If my thinking is wrong I'm sure someone will tell me fairly quickly 8)


----------



## g_axelsson (Mar 31, 2016)

Just a small addition, the tin from the solder could make quite a mess if you go straight to nitric. I think that most people doing MLCC the chemical way start by removing solder in a HCl bath. (at least I did the two times I processed MLCC:s)

Then after either incineration to drive off the HCl or only washing to nitric acid. If you don't incinerate you will form some silver chloride but not that much that it affects the rest of the process.

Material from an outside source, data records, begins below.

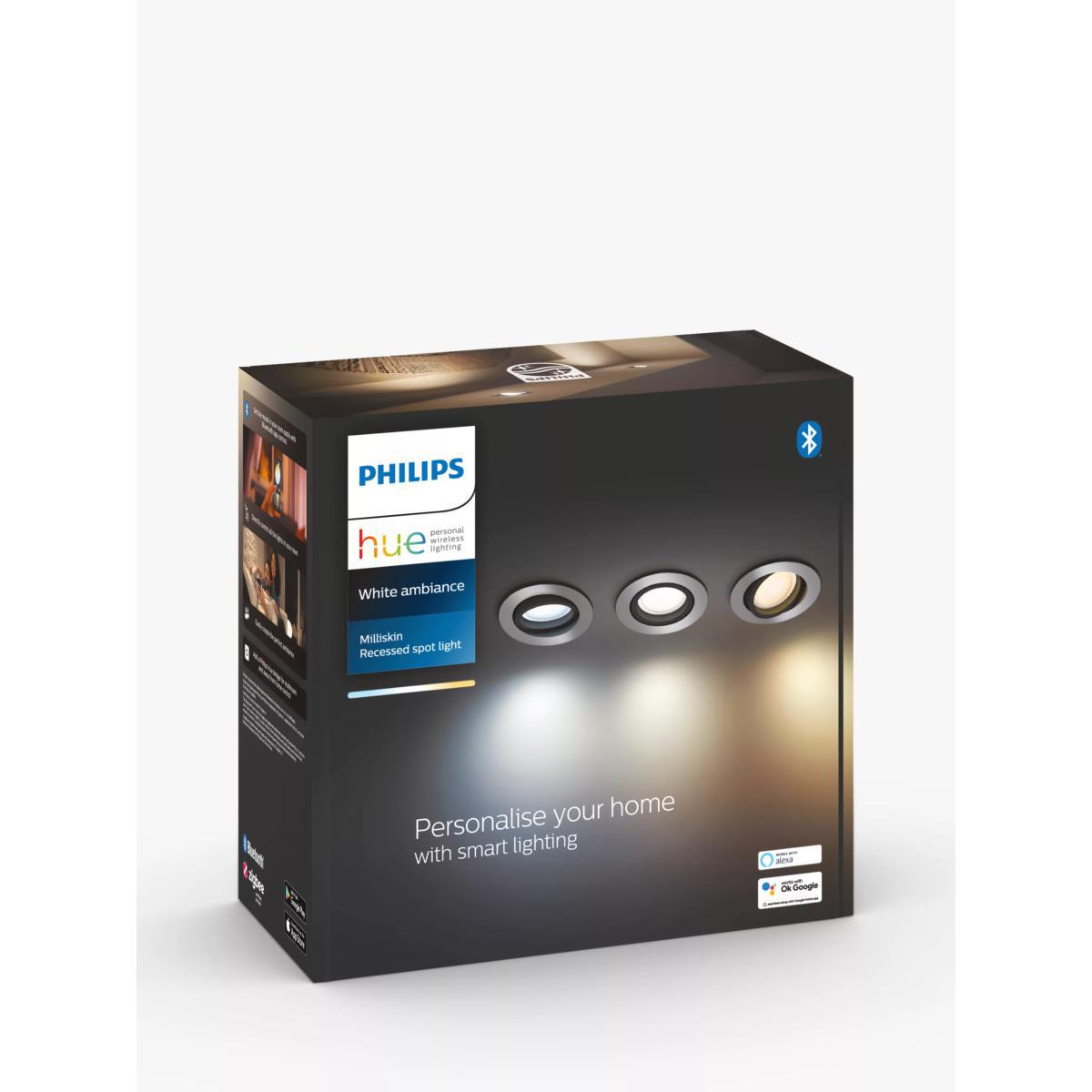 Philips Hue White Ambiance Milliskin GU10 LED Recessed Smart Spotlights with Bluetooth, Set of 3 – image 2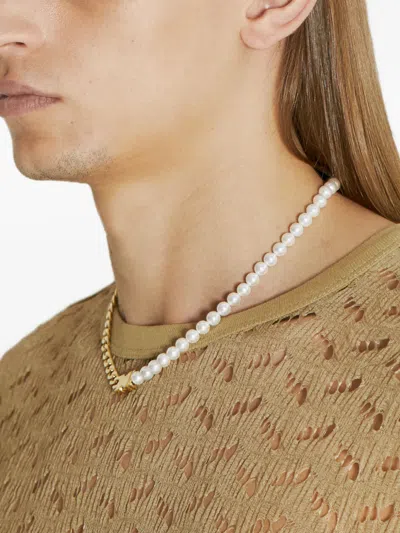 Alan Crocetti Chain-pearl Necklace In Gold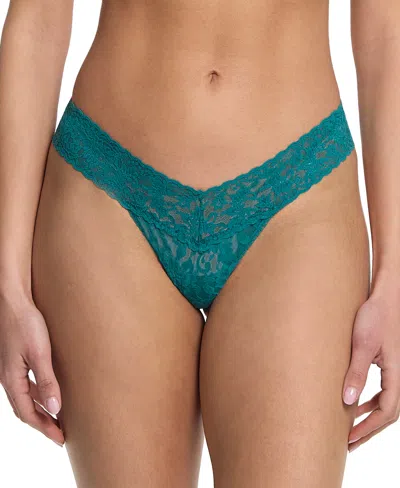 Hanky Panky Signature Lace Low Rise Thong Underwear In Green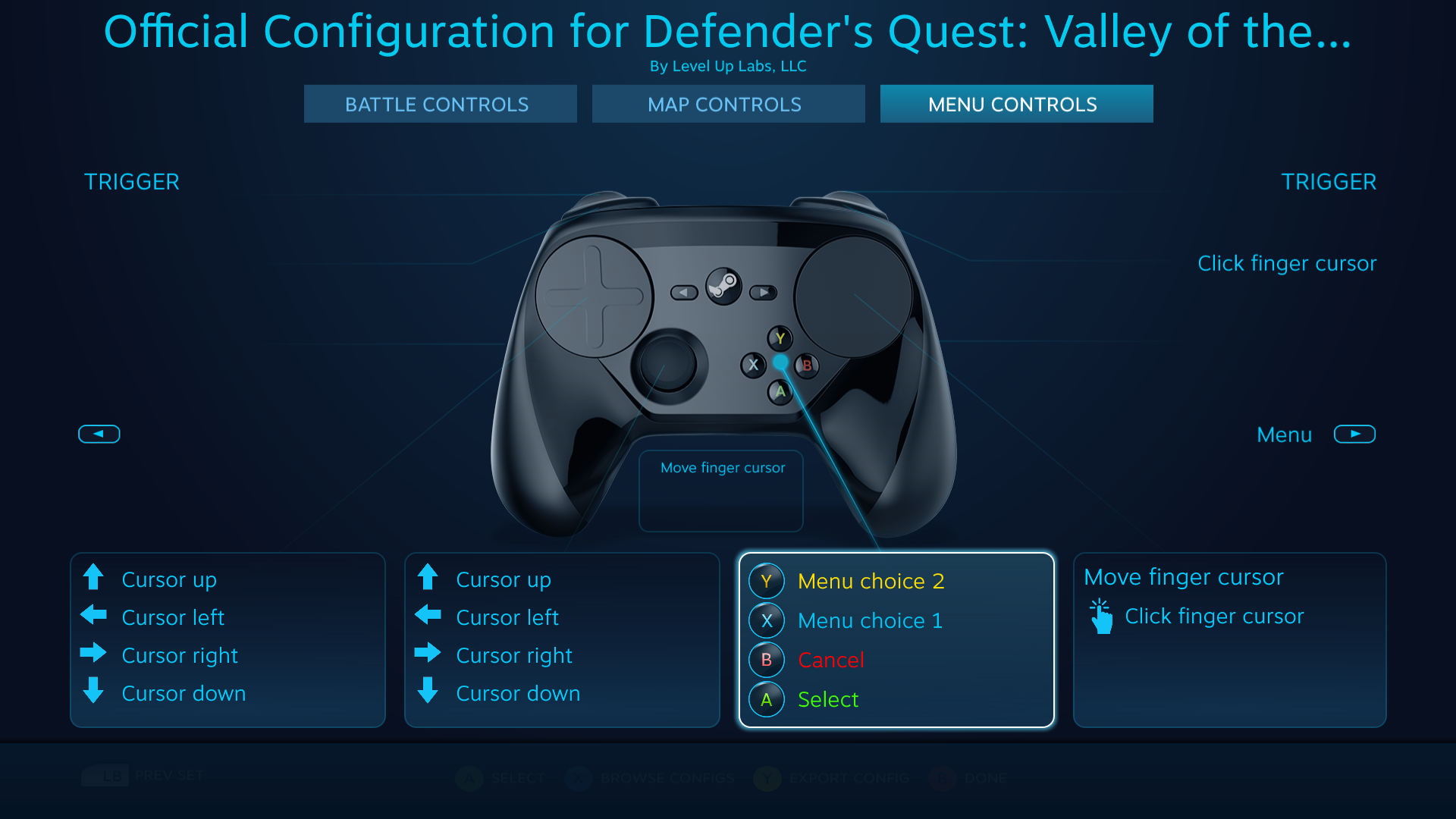 Defender's Quest Steam Controller Configuration screen - Menu actions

Sam has a tutorial on his website where he goes HCl and then to Aqua Regia.
http://www.goldnscrap.com/index.php/others/87-recovering-palladium-and-silver-from-monolithic-ceramic-capacitors-part-1
http://www.goldnscrap.com/index.php/component/content/38-searchresult/searchresult/69-recovering-palladium-and-silver-from-ceramic-monolithic-capacitor-part-2
And the youtube slideshows https://www.youtube.com/watch?v=FWftjRnNrNw 

I used a slightly different approach with HCl and then nitric acid.
http://goldrefiningforum.com/phpBB3/viewtopic.php?f=51&t=18564

Göran


----------



## Exhail (Mar 31, 2016)

Goran

When using your method
1. Soak the MLCC:s in hydrochloric acid to remove tin, lead and other base metals. As I didn't heat it I just left it in acid for several days before switching to new acid. Stopped it when it seemed there were no more reaction. Eventually many of the MLCC:s breaks up into separate metallic foils but it can take a week or longer.
2. Wash and decant the broken down MLCC:s with water to get the chlorides and HCl out, quite some foils in it.
3. Add NaOH to transform any AgCl that formed in the HCl treatment into Ag2O. I don't know if this is necessary or even works.
4. Wash and decant off the NaOH solution
5. Add nitric acid to dissolve the silver, silver oxide and palladium. Some chlorides will remain but they get locked up in silver chloride that forms.
6. Filter off the dissolved values. I decanted and filtered. It was apparent that there were some silver chloride in the reaction vessel as the filter clogged up with silver chloride that turned purple.
7. add NaCl solution to the filtered tea colored solution, it precipitates the silver as white silver chloride. Stop when additional NaCl doesn't make any precipitation.
8. Decant and filter off the palladium solution, I reused the filter from above as it caught all silver chloride. Multiple washes was used to get most of the palladium out from the silver chloride.
9. Treat the silver chloride with NaOH and sugar to get silver powder.
10. Add zinc shavings to the palladium solution to cement out the palladium.
11. Decant off the liquid from the cemented palladium and then wash it with HCl to remove excess zinc and eventual base metals that the zinc precipitated.
... collect, dry and weigh the result. The fluids goes to the proper stockpot and the metal powders are put into respective storage beaker with other powders awaiting final refining when I have enough to do it.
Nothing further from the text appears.